Exercise data below:

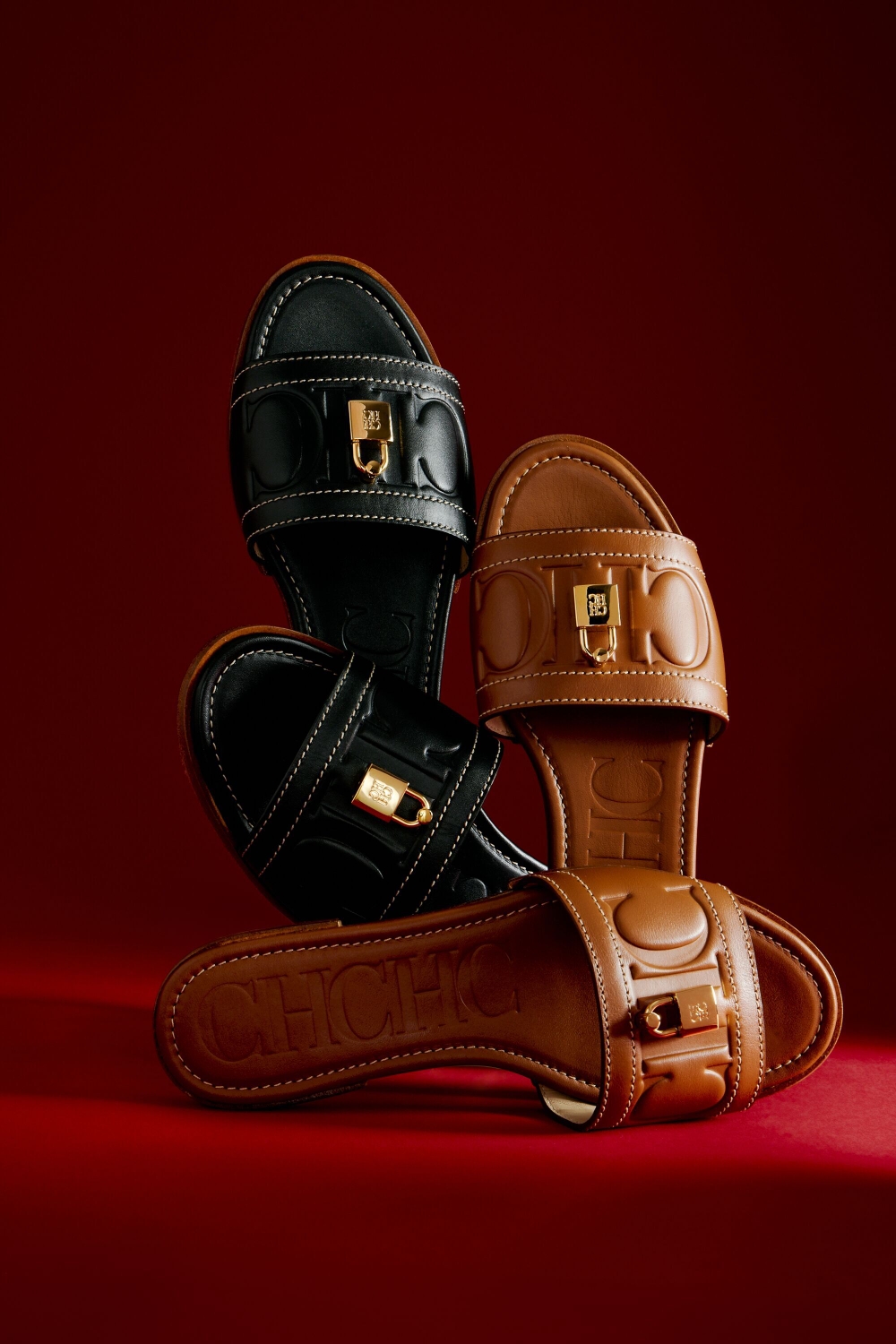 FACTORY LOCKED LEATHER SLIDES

End of Exercise data.
Exercise data below:

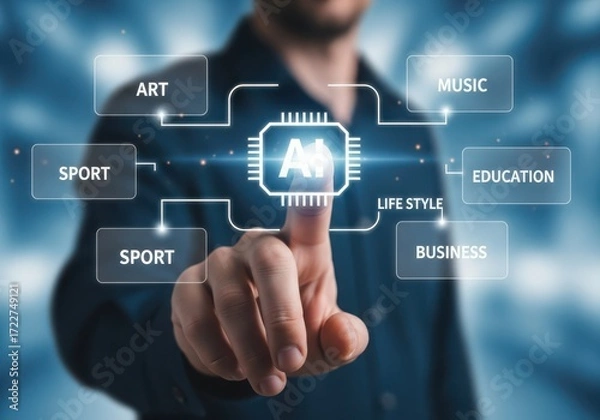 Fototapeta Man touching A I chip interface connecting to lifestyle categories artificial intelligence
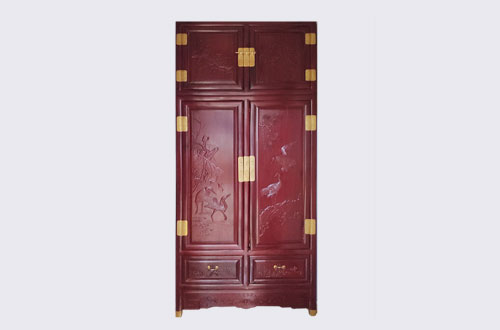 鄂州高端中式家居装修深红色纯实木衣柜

End of Exercise data.
Exercise data below:

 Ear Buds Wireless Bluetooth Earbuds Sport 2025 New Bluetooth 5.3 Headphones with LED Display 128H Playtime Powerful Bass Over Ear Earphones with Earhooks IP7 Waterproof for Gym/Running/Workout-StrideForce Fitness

End of Exercise data.

Assignment: In the data above, the stretch from the line with "Fototapeta Man touching" through the line with "鄂州高端中式家居装修深红色纯实木衣柜" is to be returned exactly, minus any pictures.

Output of the exercise:
 Fototapeta Man touching A I chip interface connecting to lifestyle categories artificial intelligence
 鄂州高端中式家居装修深红色纯实木衣柜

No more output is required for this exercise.